Aim of the task: An exact reproduction is needed of every line from the beginning of the data down to and including the line that contains "زيارة البيت الأبيض", minus the pictures.

(Pictures with short captions)
****************************************

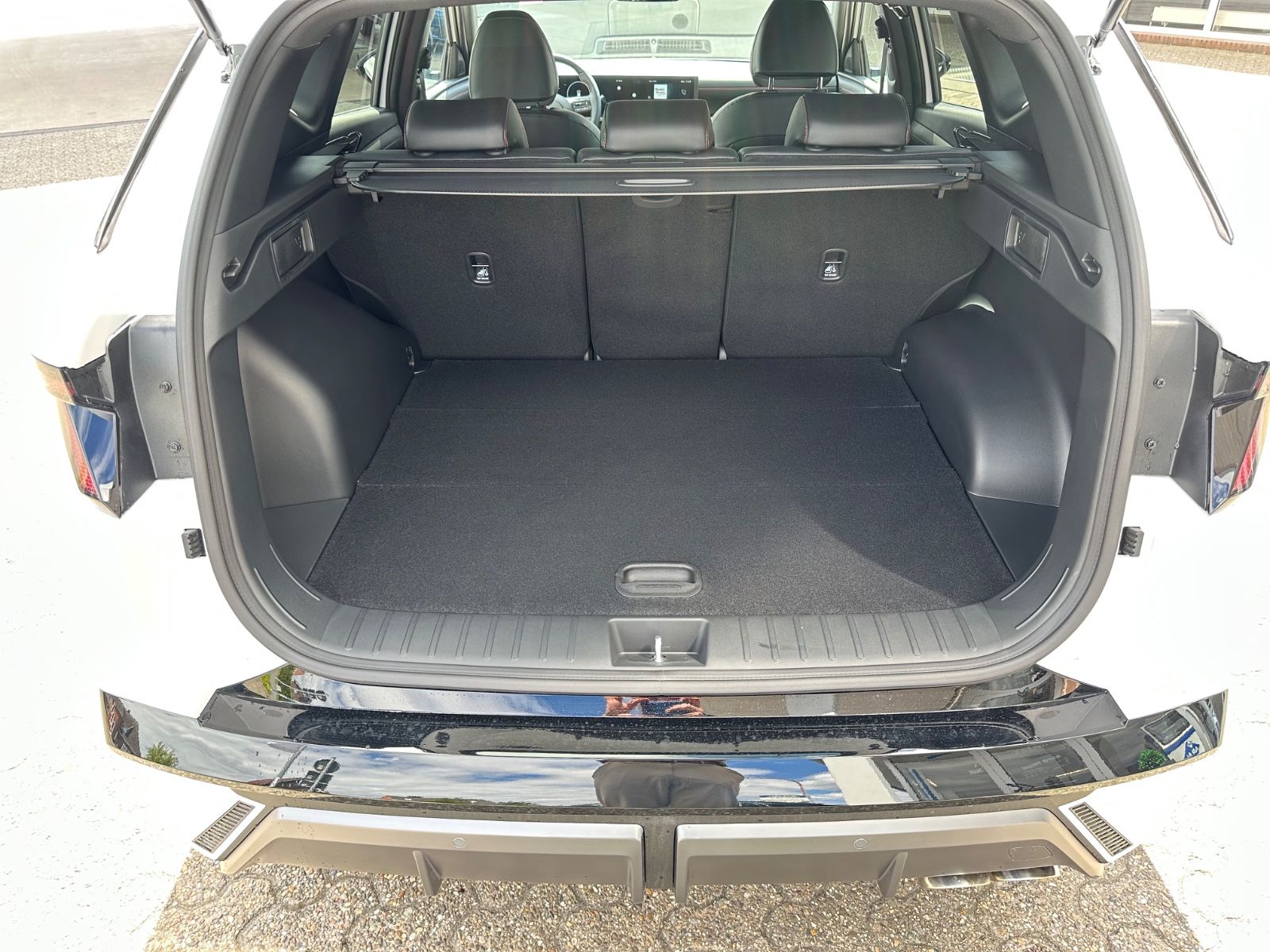 Fahrzeugabbildung Hyundai Tucson N-Line 1.6 T-GDi DCT Navi/ACC/LED/Shzg.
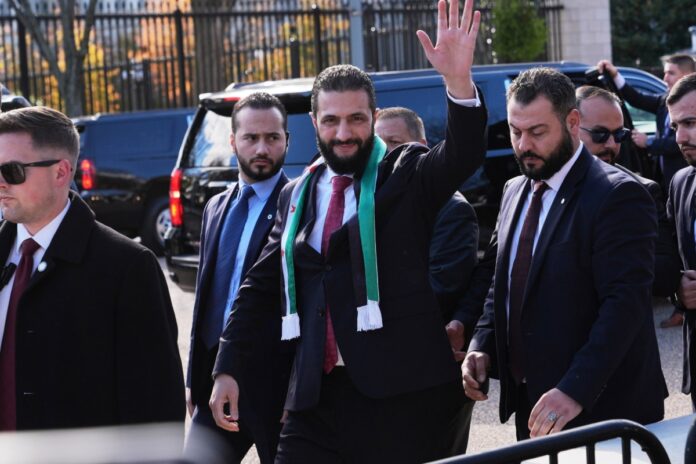 زيارة البيت الأبيض الشرع يستقبل مؤيديه بعد زيارة تاريخية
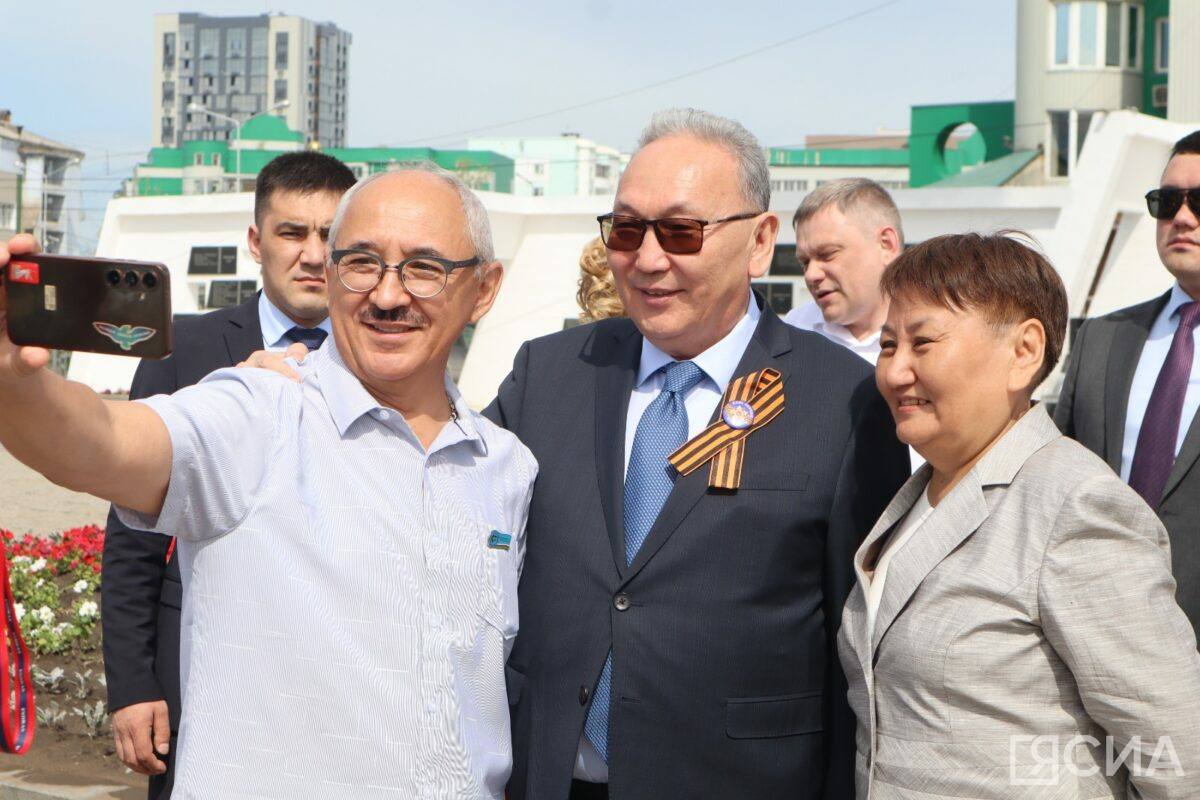 В Дни армейской культуры на площади Победы Якутска возложили цветы якутянам-героям В Дни армейской культуры в Якутске, в четверг, 26 июня, возложили цветы к Мемориальной стене в честь якутян-героев на площади Победы. Представители власти республики, организаций и дети почтили память предков, отдавших жизнь в годы Великой Отечественной войны. «В эти дни Якутск принимает серию мероприятий, организованных министерством обороны России, в том числе Дни армейской культуры. Эта инициатива появилась в прошлом году и была реализована в Санкт-Петербурге, Кызыле и Туле. В этом году Дни армейской культуры проходят в Якутске и Уфе. Это большая честь, так как эти мероприятия несут глубокий смысл, привлекаются лучшие армейские театральные коллективы, которые выступят на Ысыахе Туймаады, а также в Намском, Хангаласском и Вилюйском районах. Считаю, это сильно повлияет на развитие культуры в республике и активизирует патриотическое движение», — рассказал постоянный представитель Якутии при президенте РФ — первый заместитель председателя правительства республики Андрей Федотов. Как отметил спикер, для проведения Дней армейской культуры был выбран Якутск в том числе потому, что здесь два года подряд проходил антифашистский форум. Все новости #Яестьновость Обсудить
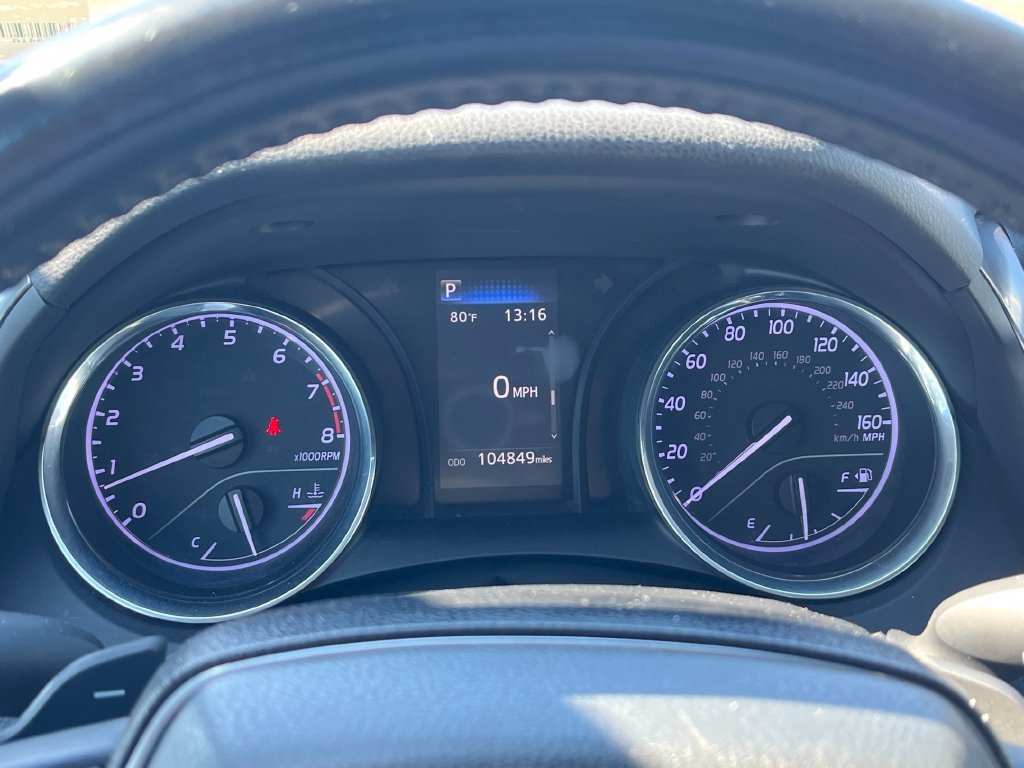 Used 2020 White Toyota SE image 12
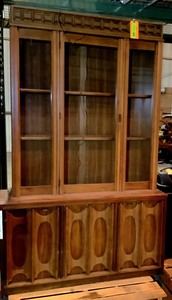 lot A-1 image: Vintage Lighted Hutch
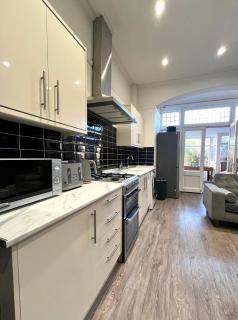 Stylish Home from Home in Derby - Great for Contractors, Groups & Families with FREE Parking - Derby - 5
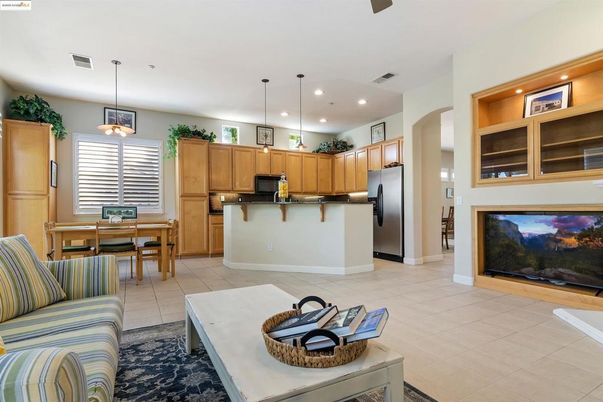 Dining room, Interior, Kitchen, Pendant Lights, Recessed Lighting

****************************************

Answer below:
 Fahrzeugabbildung Hyundai Tucson N-Line 1.6 T-GDi DCT Navi/ACC/LED/Shzg.
 زيارة البيت الأبيض الشرع يستقبل مؤيديه بعد زيارة تاريخية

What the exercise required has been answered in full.